Le kang serait dérivé du huoqiang (火墙, ), une forme de lit constitué d'un sol chauffé dont on a retrouvé des traces datant du Néolithique en Chine, grâce à une analyse de découvertes archéologiques réalisées dans des ruines à Banpo, près de Xi'an[2]. Ailleurs, des sites archéologiques à Shenyang, et plus généralement dans la province du Liaoning, montrent des sols chauffés utilisés il y a 7 200 ans[3],[4]. Le lit retrouvé est constitué d'une couche de 10 cm d'argile pétrie, couvrant le sol. Le lit était chauffé par la méthode du zhidi (炙地, ) qui consiste simplement à faire un feu sur le lit en terre et à en balayer les cendres juste avant de se coucher. L'usage répété de feux aurait rendu la surface dure et résistante à l'humidité. Cette méthode est mentionnée par le poète Meng Jiao durant la dynastie Tang dans un poème :
« 無火炙地眠,半夜皆立號。, »
« Aucun combustible pour réchauffer le sol avant de se coucher, au lieu de cela, debout et pleurant dans le froid de minuit. »
Le mot « 炕, », qui signifie « sécher », est mentionné pour la première fois dans un dictionnaire de chinois datant de l'an 121. Une première forme est apparue dans le Nord-Est de la Chine et employait un système d'un seul conduit, comme l'hypocauste de la Rome antique et l'ondol du voisin coréen[4]. Un exemple a été mis au jour dans une ruine du Ier siècle dans le Heilongjiang. La conduite unique était en forme de L, faite de torchis et de pavés, recouverte de dalles en pierre. Des murs avec un système de double conduits ont été découverts dans un ancien palais du IVe siècle dans la province de Jilin.

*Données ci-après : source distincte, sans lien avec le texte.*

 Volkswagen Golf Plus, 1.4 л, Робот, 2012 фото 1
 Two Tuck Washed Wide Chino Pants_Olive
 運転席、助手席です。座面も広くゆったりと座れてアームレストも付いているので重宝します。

La banquette en torchis, en forme de L, est de construction plus complexe que celle munie d'une seule conduite et remplit des fonctions similaires à celles d'un kang. Des indications littéraires dans le Shui Jing Zhu (水經注) prouvent aussi la présence de planchers chauffés sous la dynastie Wei du Nord, bien qu'il ne soit pas explicitement appelé dikang[1] :
« Dans le temple de Guanji, [près de l'actuel district de Fengrun], il y a une grande salle de lecture. Elle est très haute et suffisamment grande pour accueillir un millier de moines. La plate-forme a été construite avec des pierres arrangées pour former un réseau de canaux et la finition du sol est constituée d'une couche d'argile. Des feux sont allumés aux ouvertures extérieures, sur les quatre côtés de la plate-forme, tandis que la chaleur se répand vers l'intérieur, chauffant la pièce entière. La construction a été réalisée par un bienfaiteur (ou des bienfaiteurs) pour permettre aux moines d'étudier durant les hivers rudes. »

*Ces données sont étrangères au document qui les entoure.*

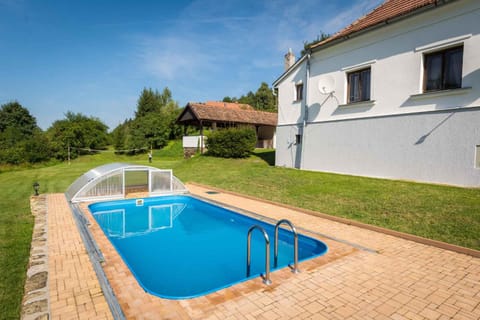 Summer, Swimming pool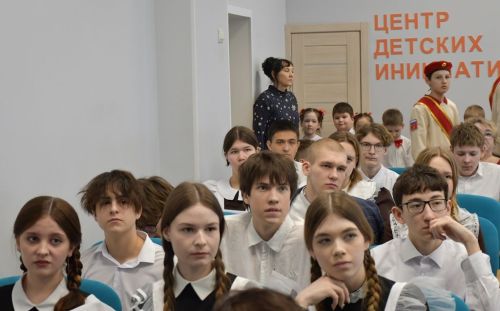 В Лаишевской школе №2 чествовали Год единства народов России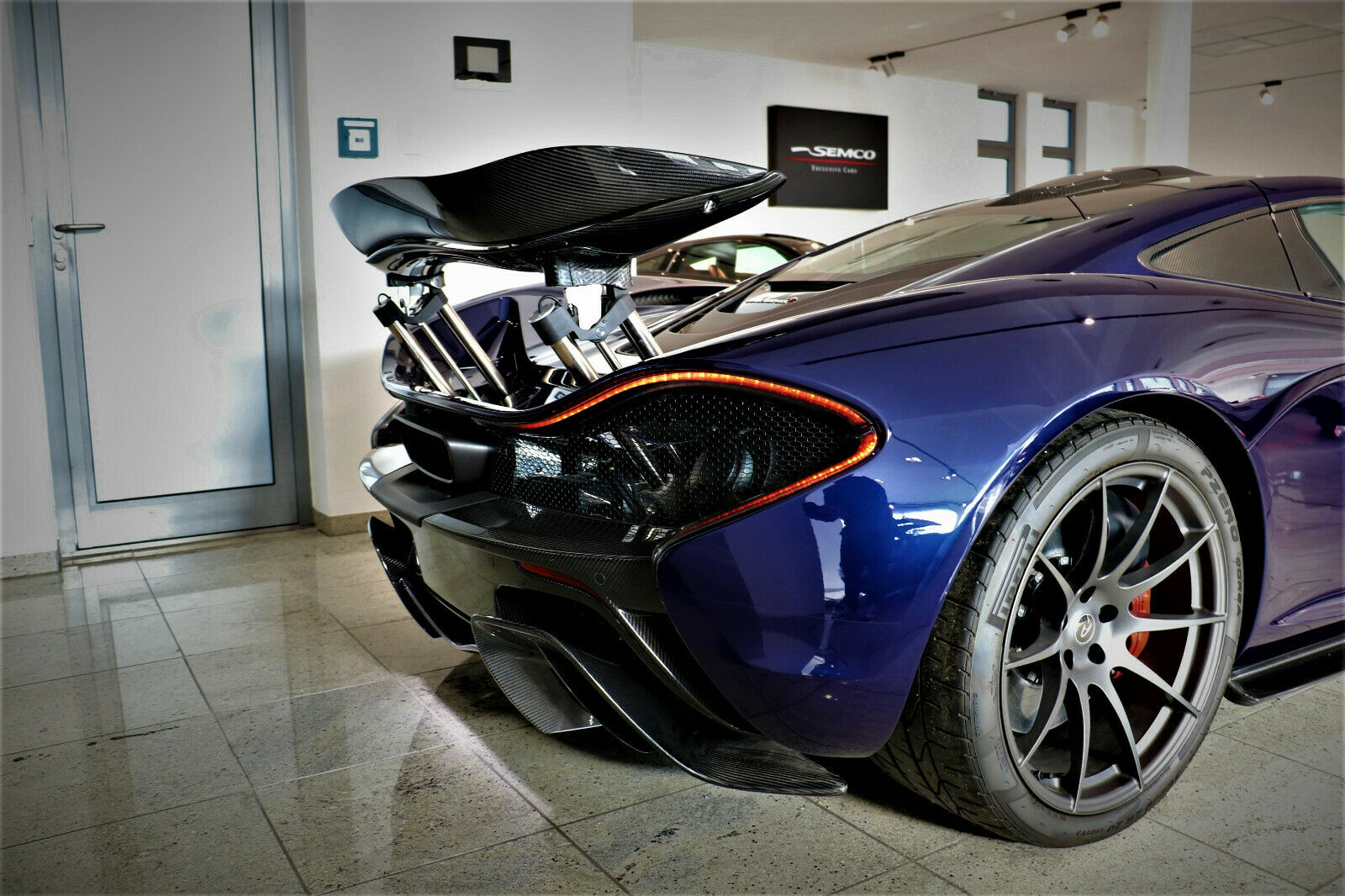 2018 McLaren P1 MSO Mystic Blue, 12/14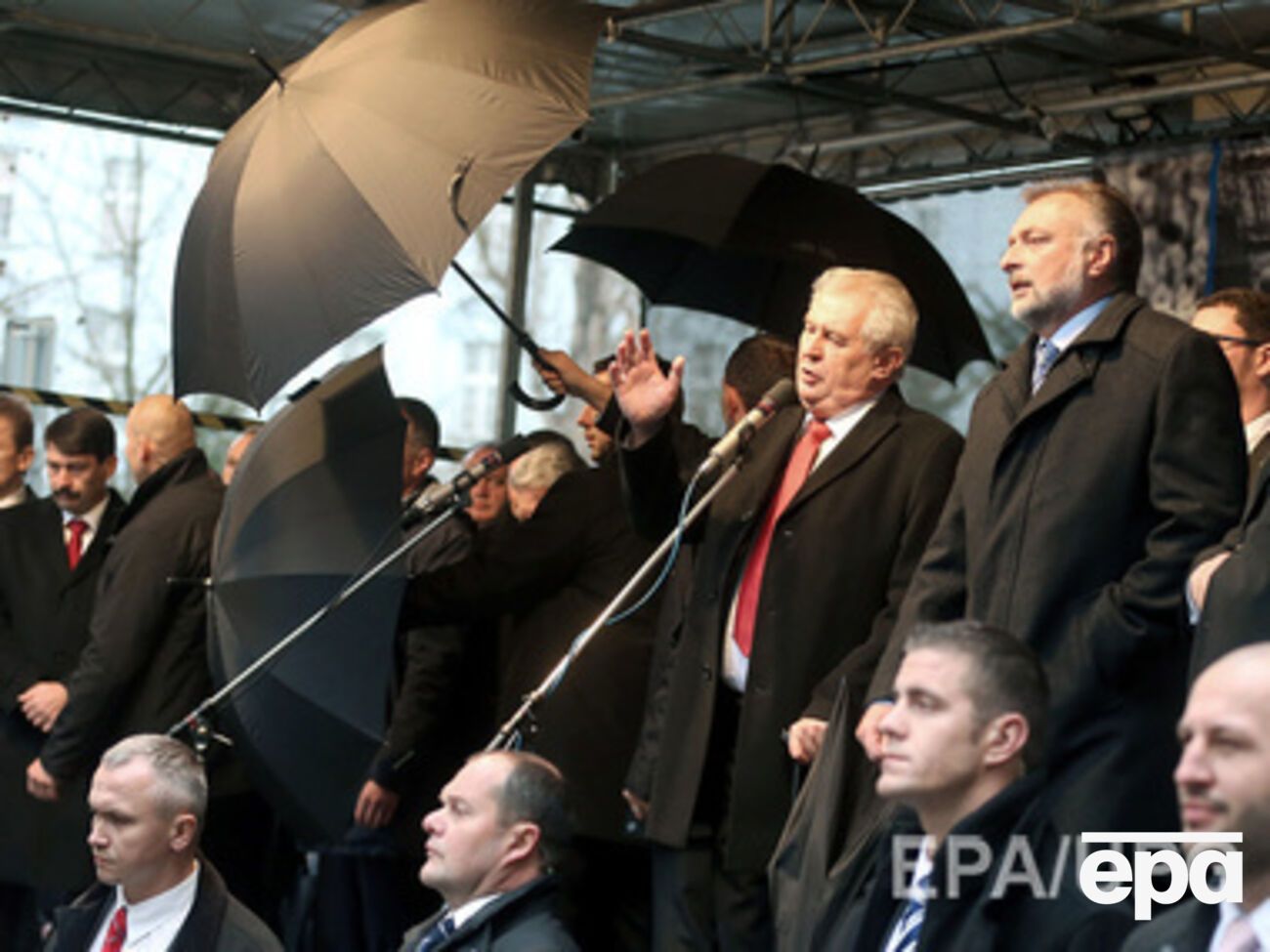 Охране Земана пришлось закрывать президента зонтиками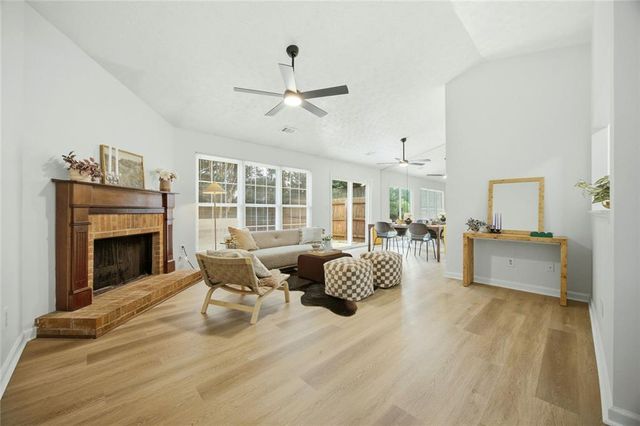 10855 Mortons Circle, Johns Creek, GA 30022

— Li Daoyuan, Shui Jing Zhu
Le kang aurait évolué d'un simple sol aménagé à une banquette à part entière à cause des changements culturels intervenus durant les Dynasties du Nord et du Sud : le grand mobilier et les chaises remplaçaient les meubles bas et l'ancienne habitude chinoise de s'asseoir directement sur le sol[1]. Les traces du plus ancien kang ont été découvertes à Ninghai, dans le Heilongjiang, dans le palais Longquanfu (698-926) et est d'origine Balhae.
En dehors de la Chine, le concept de « poêle de masse », a été utilisé sous diverses formes à travers le Nord et l'Est de l'Europe. En particulier, les Russes ont eu recours à une sorte de poêle-lit similaire traditionnel, appelé four russe (en russe : Русская печь) ; on ne sait pas s'il a été introduit de l'Orient, lorsque la région était sous le joug des Tatars.